Une lecture féministe des relations internationales vient interroger les systèmes en place et tente de déconstruire les situations de marginalisation, d’oppression et de violence, qui portent préjudice à tous, femmes comme hommes.

Les femmes ne sont pas plus pacifistes par nature. Il existe des femmes combattantes, mais nous passons sous silence cette réalité. Tout ce que nous savons, c’est qu’elles sont écartées de toutes les instances de décision, de médiation et de résolution de conflits. La perspective féministe permet aussi de prendre en considération cette portion de la population, de l’aider à réintégrer la société.

Vous donnez à l’UdeM le cours «Perspectives féministes en relations internationales». Quelle est votre ligne directrice?

Offert aux étudiants et étudiantes de deuxième cycle, ce séminaire me tient particulièrement à cœur. J’y utilise le féminisme et les analyses basées sur le genre pour porter un regard nouveau sur le système international.

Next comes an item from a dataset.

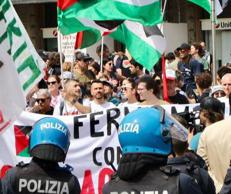 Gli occupanti di Scienze politiche bloccano anche Giurisprudenza: Il Prof agli studenti:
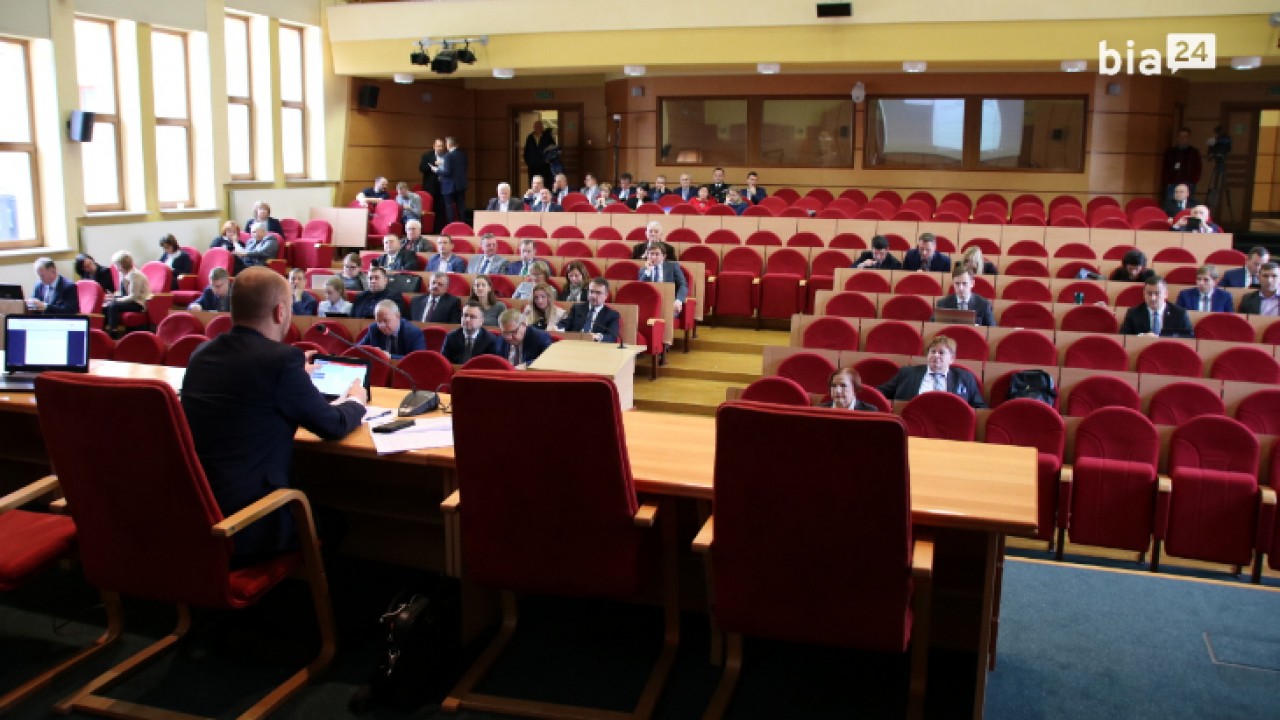 Sesja rady miasta 29 listopada 2018 - obrady prowadzi przewodniczący Łukasz Prokorym /fot. archiwum Bia24/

On remet alors en question les organisations internationales – comme le G7, l’OTAN ou l’ONU – et on les décortique pour désigner les acteurs présents à la table, les parties absentes, les sujets discutés et écartés. On regarde aussi les autres modèles existants, comme ceux qui intègrent la société civile, ou encore les avancées en matière de droits des femmes, comme la Politique d’aide internationale féministe du Canada, qui promeut l’égalité des genres.

Diriez-vous que vous jouez un rôle de mentore auprès de vos étudiantes et étudiants?

Oui, c’est un rôle important pour moi. L’année dernière, j’ai d’ailleurs mis sur pied un programme de mentorat pour faciliter la préparation et l’intégration des étudiantes et étudiants des 2e et 3e cycles au milieu professionnel.

Je crois fermement que, comme chercheurs et professeurs, c’est aussi notre devoir de faire le pont entre la recherche et le monde des politiques publiques, mais aussi de préparer la relève à exercer l’influence qu’elle souhaite avoir dans la société.

Quand j’ai commencé à travailler à Ottawa, je connaissais peu de gens sur la colline du Parlement. En politique, c’est très utile de savoir qui sont les députés, les ministres, de connaître les circonscriptions. Je fais donc tout mon possible pour bien outiller et aiguiller mes étudiantes et étudiants afin qu’ils parviennent à gagner leur vie dans les domaines qui les intéressent vraiment.

Qu’est-ce qui vous rend fière dans votre travail en ce moment?

C’est justement le succès de mes étudiantes et étudiants. Rien ne me rend plus fière que de les voir se découvrir de nouvelles passions, entrer dans les programmes de doctorat qu’ils visaient, obtenir LA job où ils auront l’impression d’avoir une influence positive.

J’ai vraiment espoir en la relève, c’est la chose qui me rend optimiste dans la vie.